# Autodetect Hardware and load modules

## d4mo

Ok, I know how to compile a kernel and hwo to do all that stuff.  But I was just curious as to how you get hardware to autodetect and load the correct modules(the way live CD's do).  Not that I want to do it right now, but I'm curious as to how that works.Last edited by d4mo on Fri Mar 09, 2007 4:55 am; edited 1 time in total

----------

## d4mo

bump

I'd really like to know how this happens.  Is it something in the kernel that does it?  Is it a program?  or what?

----------

## Section_8

This is just a guess - but udev will now autoload modules (it does what coldplug used to do).   So if you configure your kernel to compile *eveything* as a module, udev should load the ones you need.

----------

## d4mo

Is there something special you have to do for that then?  Becuase udev is running on my system, and I have the drivers for my sound card as a module and it doesn't autoload them(I know I can do it with modules.autoload.d but I'm trying to figure out this udev business)

EDIT:

Well I updated my kernel to 2.6.18.6 from 2.6.12.3 and now it autoloads modules.  So I guess now my question is how do I make it stop haha.

----------

## Section_8

You don't want udev to autoload modules?  You could look at RC_COLDPLUG in /etc/conf.d/rc

----------

## dtjohnst

 *d4mo wrote:*   

> Is there something special you have to do for that then?  Becuase udev is running on my system, and I have the drivers for my sound card as a module and it doesn't autoload them(I know I can do it with modules.autoload.d but I'm trying to figure out this udev business)
> 
> EDIT:
> 
> Well I updated my kernel to 2.6.18.6 from 2.6.12.3 and now it autoloads modules.  So I guess now my question is how do I make it stop haha.

 

There's a kernel option for "autoload modules" as well.

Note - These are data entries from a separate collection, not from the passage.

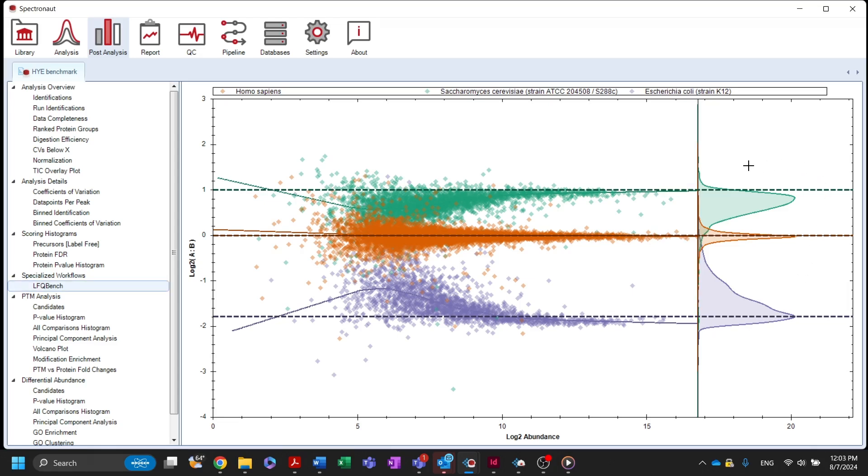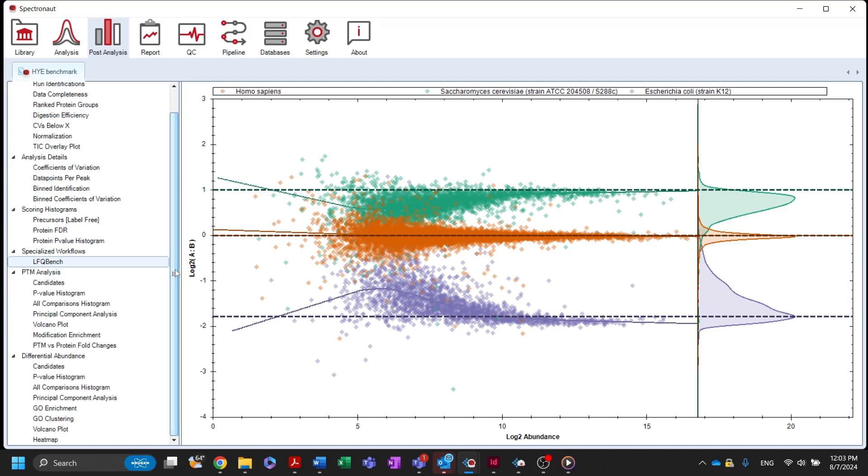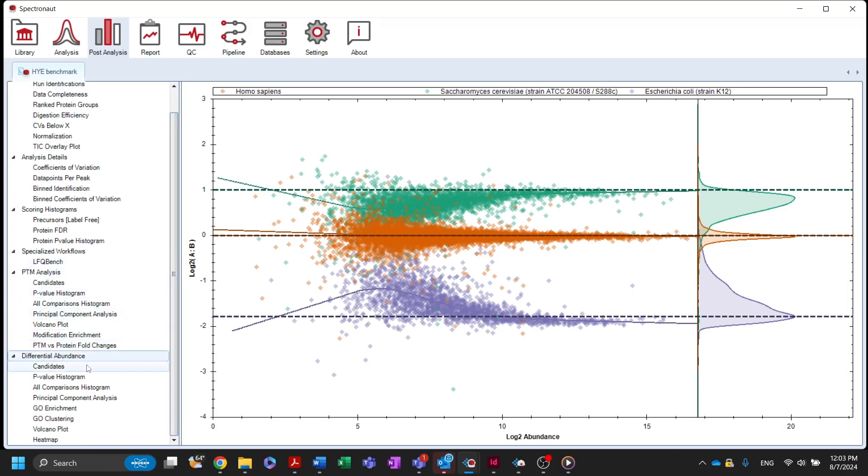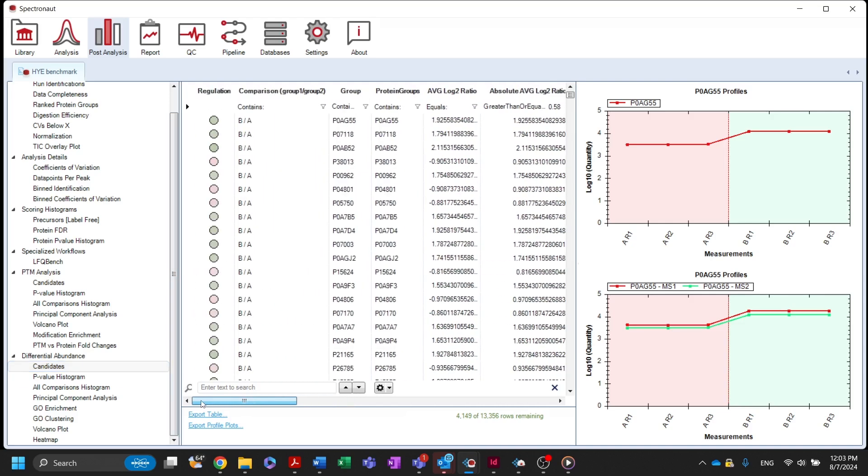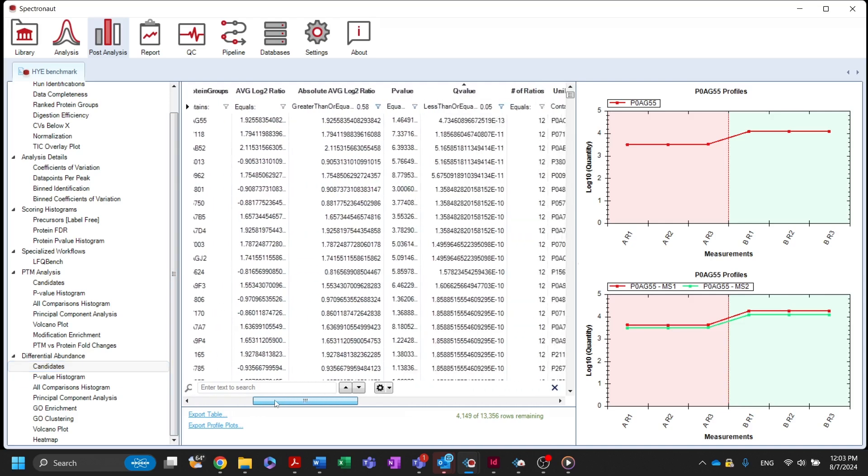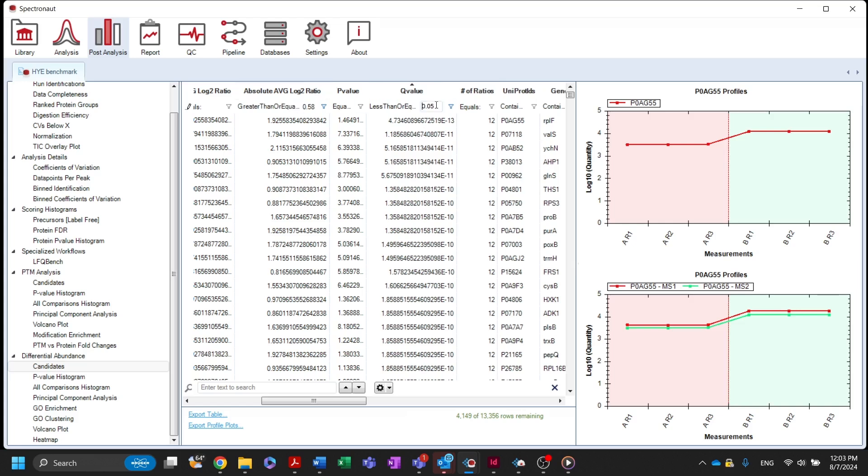Plots related to the differential abundance testing performed in Spectronaut can be viewed in the differential abundance section. Proteins that are differentially regulated between experimental conditions can be found in the candidates list. By default, this table is filtered by a Q-value of 0.05 and an absolute average log2 ratio of 0.58, but you can change these filters based on the preferred cut-off values.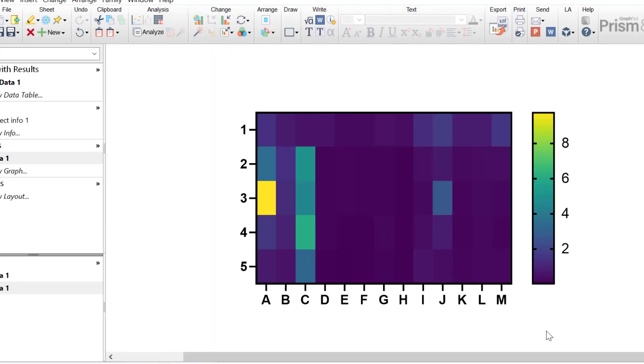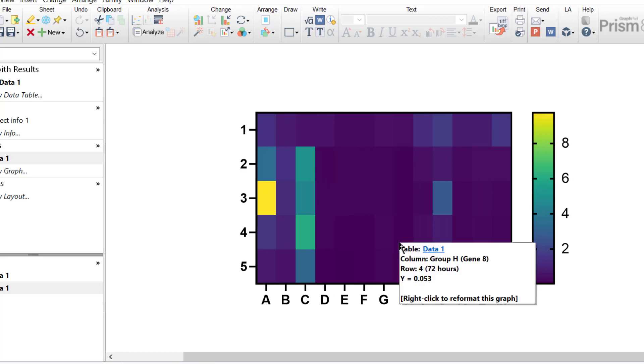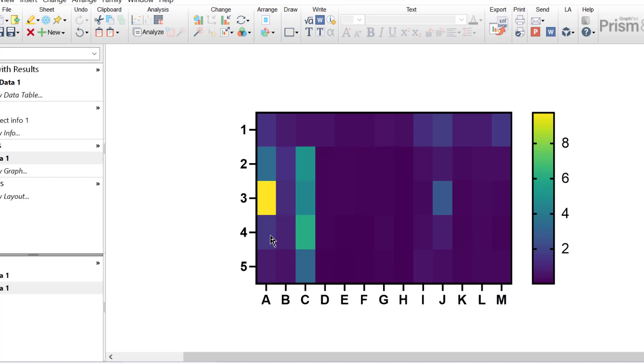So we have the heat map containing the raw data. Each cell corresponds to the data point within the data table. The colour of the cell in this case represents the gene expression value. Cells coloured in yellow represent those with the highest gene expression. Cells coloured in dark blue represent those with the lowest gene expression.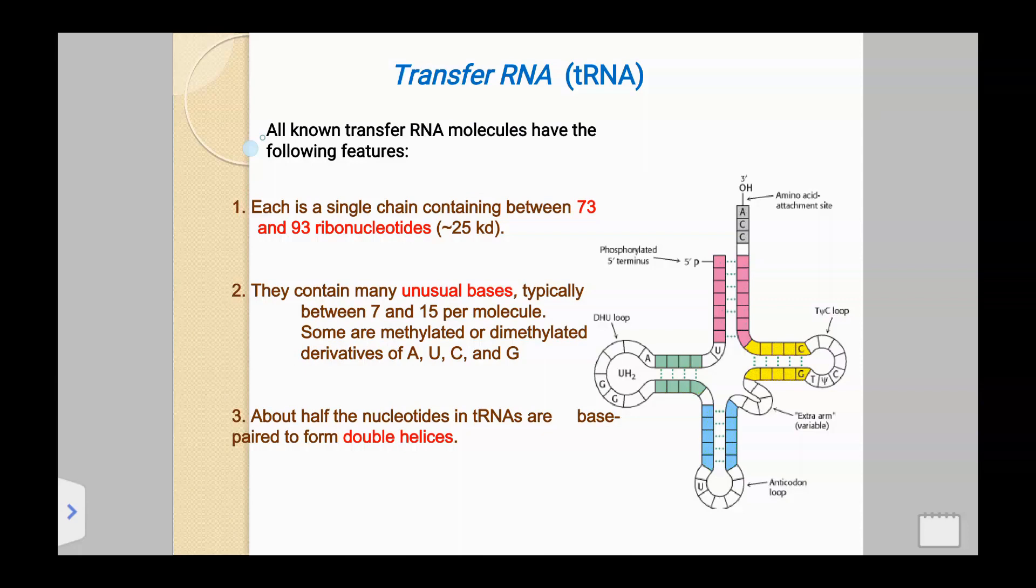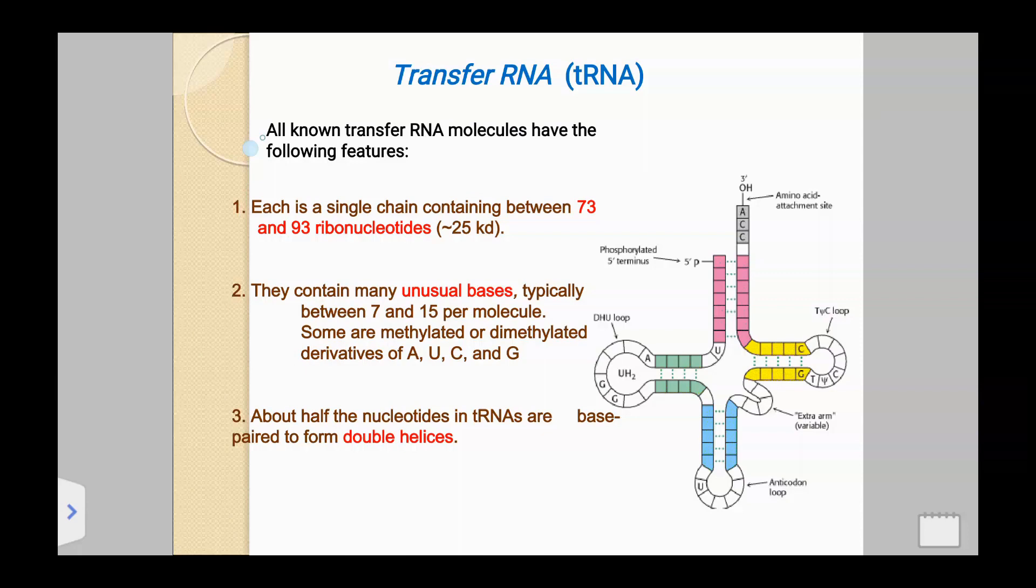As the name indicates, transfer RNA means they are transferring the amino acids from the amino acid pool to the site of protein synthesis or ribosome. That is why they are called transfer RNA or tRNA. We are going to stop the screen recorder.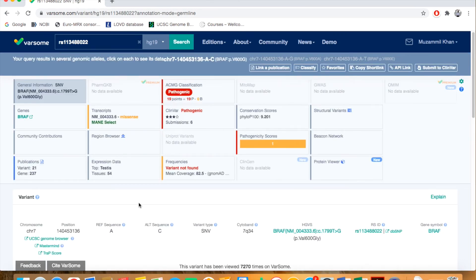Here you go on the result page. You can see according to the ACMG classification, this variant is pathogenic.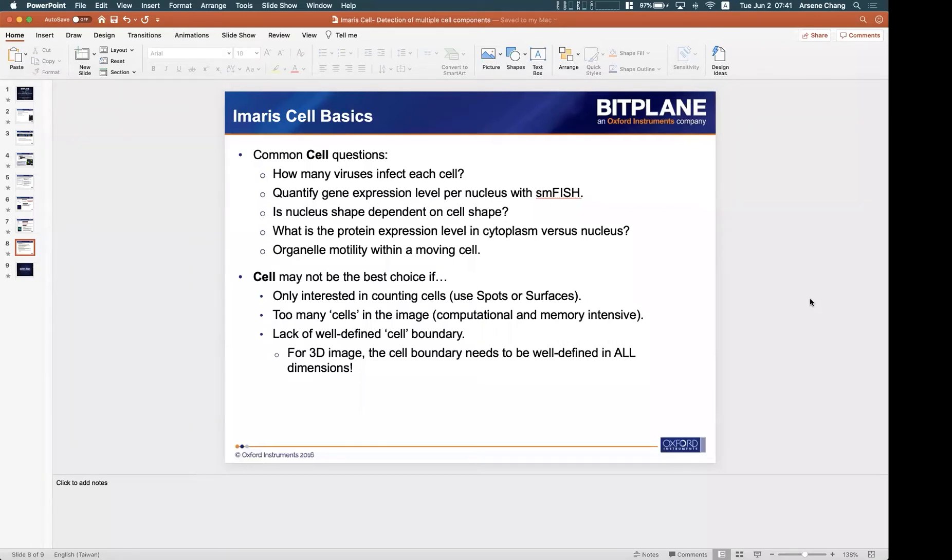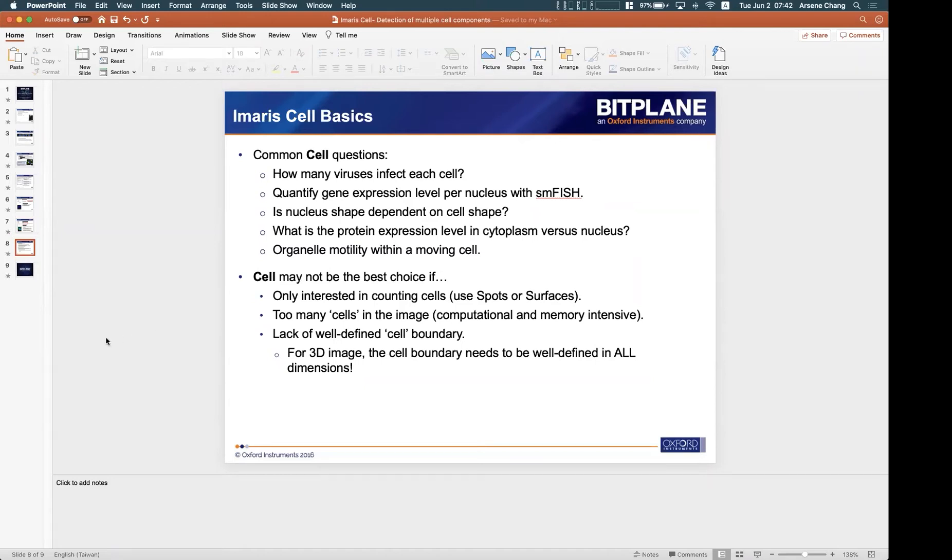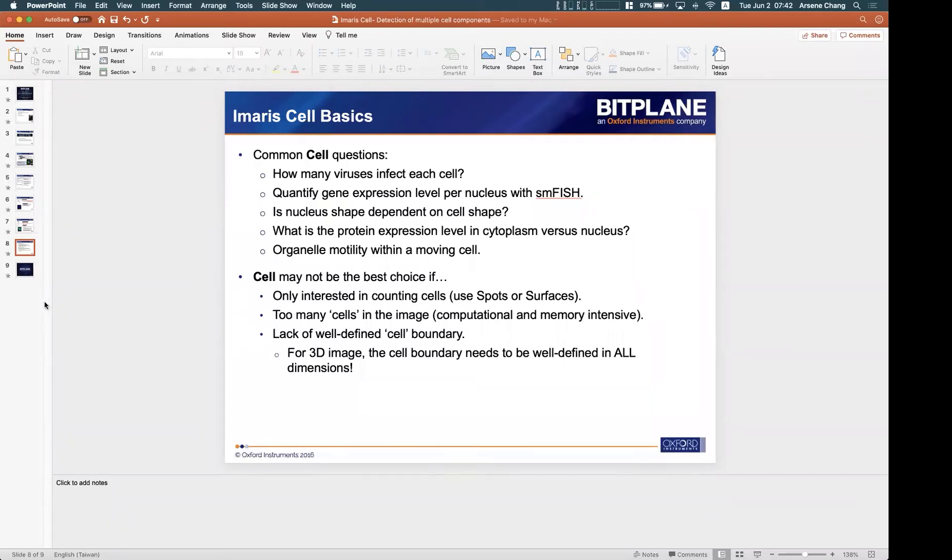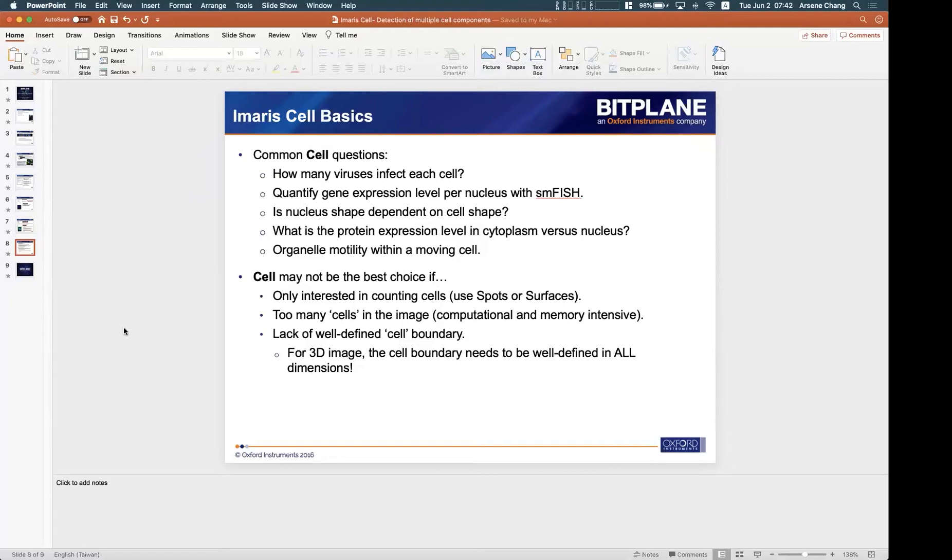So more than maybe 200, 300, 400 cells, only hundreds of cells on the image, then maybe it's not the best choice for analysis using cell module. But you can still try. It's hard to say because it depends on the image and the complexities of the components as well as the spec of the PC. So this is just a general rule: usually we see too many cells in the image, then cell is not easy to use.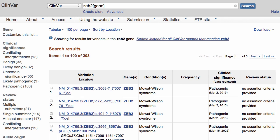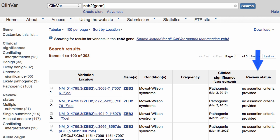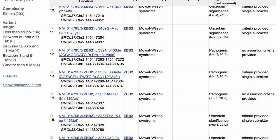The results are presented in a table with the name of the variant, the gene it's in, the conditions for which the variants have been interpreted, allele frequency if available, the overall clinical significance, and the review status. This search has more than 200 results, but you can narrow them by using the filters on the left. For example, you may only be interested in variants that have been reported as pathogenic, or you may want large-scale structural variants.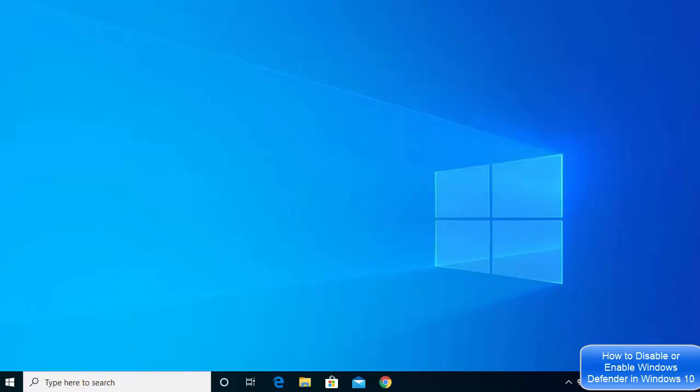In this video I'm going to show you how you can enable or disable Windows Defender on your Windows 10 operating system. Windows Defender is a free software which comes with Windows 10 and it's meant to be a useful tool that prevents malware and harmful viruses from coming to your device.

If you deselect that, it might be all you need.

----------

## Alejandro Nova

How can I control the order of udev's autoloading? I have a Sound Blaster Live, and I want to load snd-emu10k1 before any other sound driver, because I don't want my OSS apps to believe that my default sound card is... my modem.

----------

## didymos

 *dtjohnst wrote:*   

> There's a kernel option for "autoload modules" as well. If you deselect that, it might be all you need.

 

That disables all module autoloading, not just the annoying instances where udev loads something even when you don't have the module in /etc/modules.autoload.d/kernel-2.6. There's also blacklisting, but that disables all autoloading for individual modules, so it'll make udev stop loading something, but if you want that module to load later in the boot process, you're screwed.

----------